This is a fork of the kenlm-java project, which contains modifications for Uzushio tool.
Namely, we add BufferEvaluator
class which provides a different API for querying the language model.
Basically, the implementation creates a space-delimited utf-8 encoded direct byte buffer and passes it to the JNI implementation
which performs the model querying purely in the C++.
By doing this, we try to minimize number of JNI calls.
We additionaly have two variants of the API:
- Return the sum of the all log-probabilities
- Return the sum of log-probabilities except bottom several percent.
The second implementation can be used to ignore several outliers in the input text while estimating the log-probabilities of other tokens.
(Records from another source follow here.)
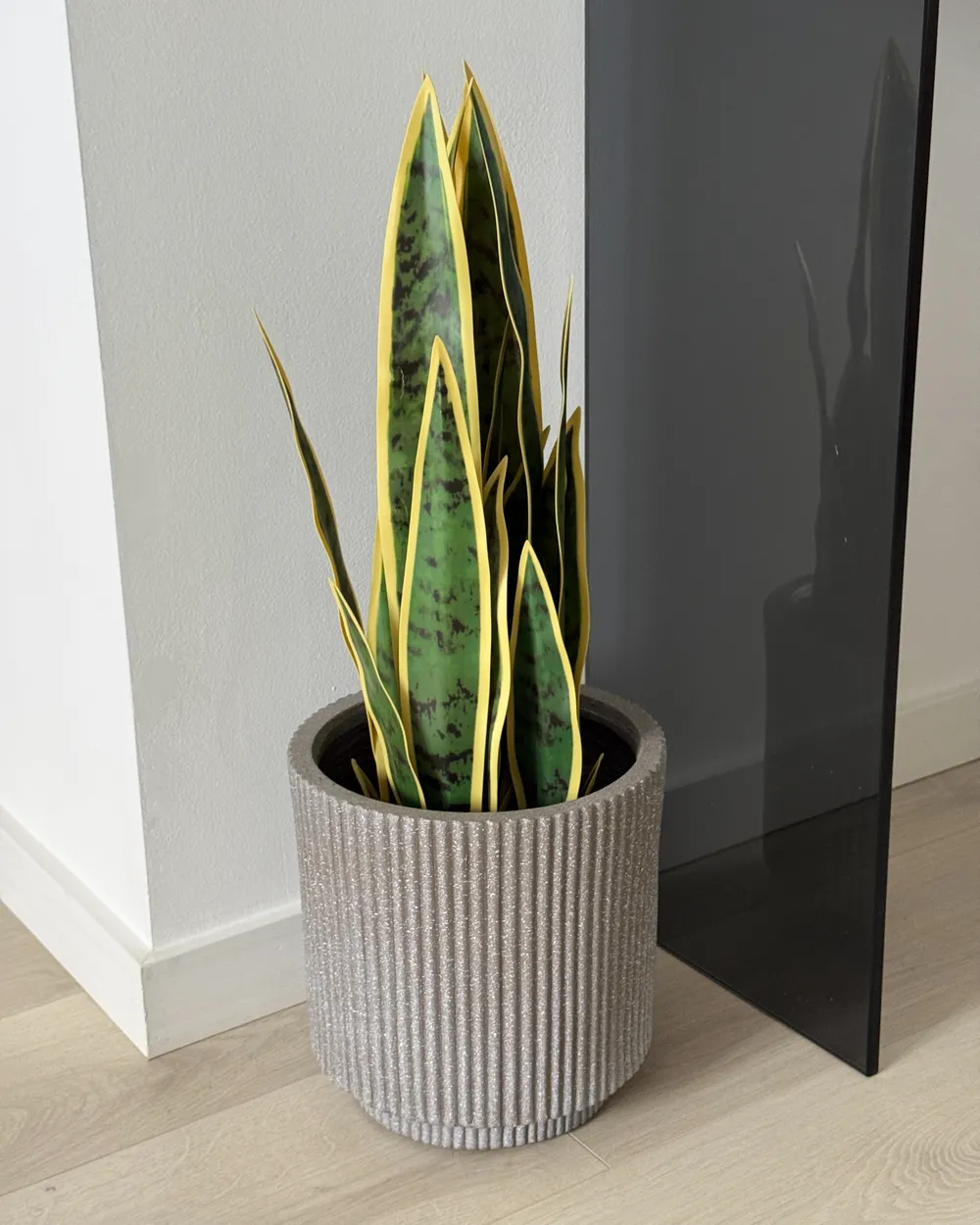 Artificial Plant SNAKE PLANT 63 cm Green - Beliani.es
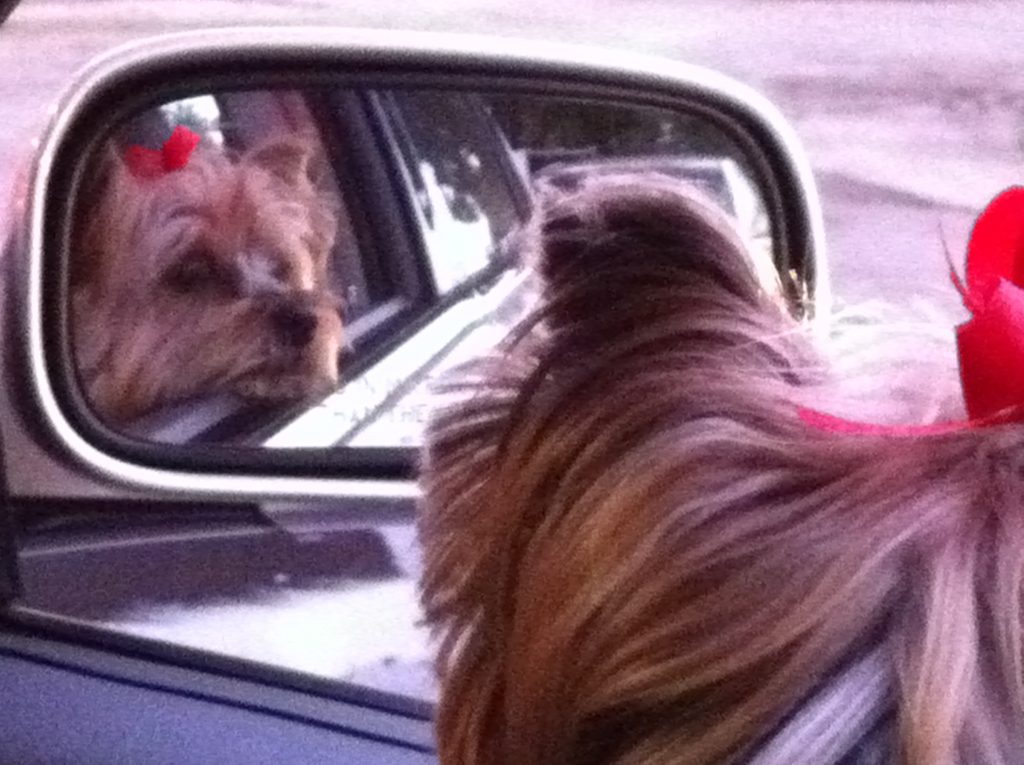 Graci the Yorkie has gone on ahead and is waiting for us to arrive.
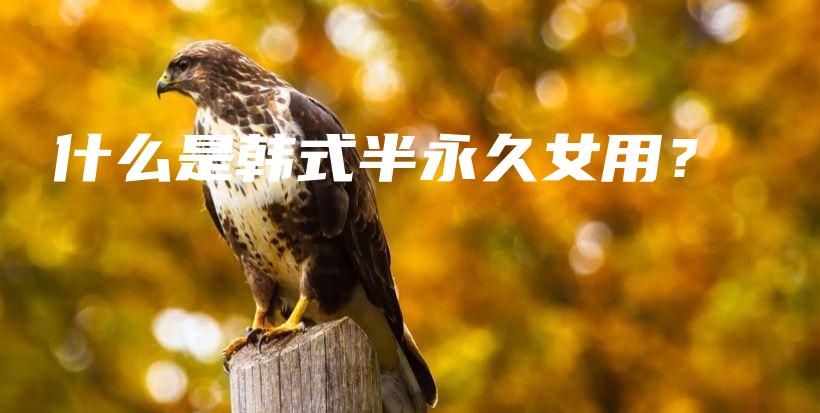 什么是韓式半永久女用？插圖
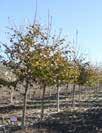Northwest Poplar HT: 50 (15m) SP: 40 (12m) Fast growing, seedless, large leaves and very hardy. 60mm $225.00 70mm $250.00 100mm $300.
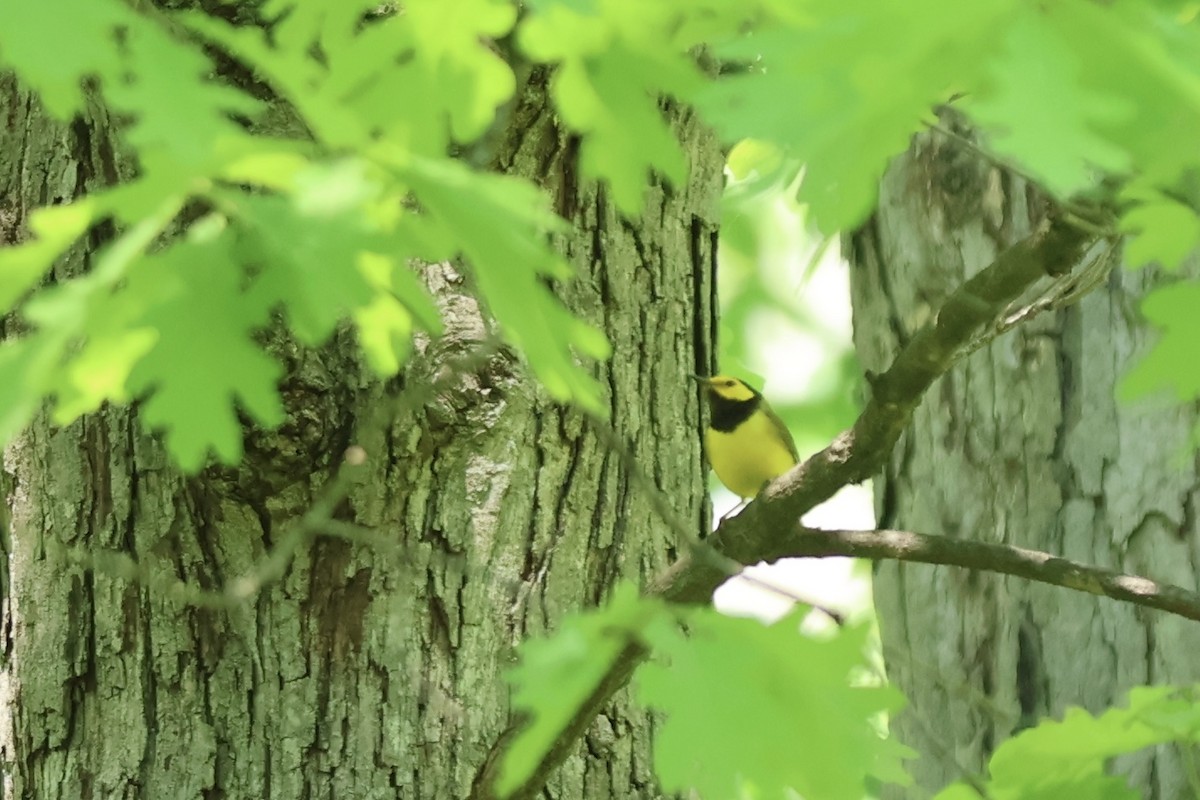 Hooded Warbler - Peyton Stone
To build this project you need the following prerequisites:
- jdk
- swig v3+
- g++
- kenlm
The order to build this project is:
- Run ./build.sh. This will generate the required Java JNI classes and the C++ interface using swig.
- put the output libkenlm-jni into your java library path for running. For tests Maven automatically adds the root directory to the
java.library.path
, - run mvn package
The following system environment variables need to be set when running build:
- LIBRARY_PATH to have libkenlm and libkenlm_util
- CPATH to point to kenlm source, JAVA_HOME/include and JAVA_HOME/include/
The library can be renamed. If that is the case com-github-jbaiter-kenlm.properties needs to be provided pointing directly to the file. An example can be found in test resources. If the properties are not set the library is loaded from java.library.path.
On Windows we recommend using MSYS2 toolchain, namely its UCRT
environemt.
Build kenlm using it and then build the JNI wrapper using the build.sh
script.
It will build a statically-linked library which can be deployed on other machines.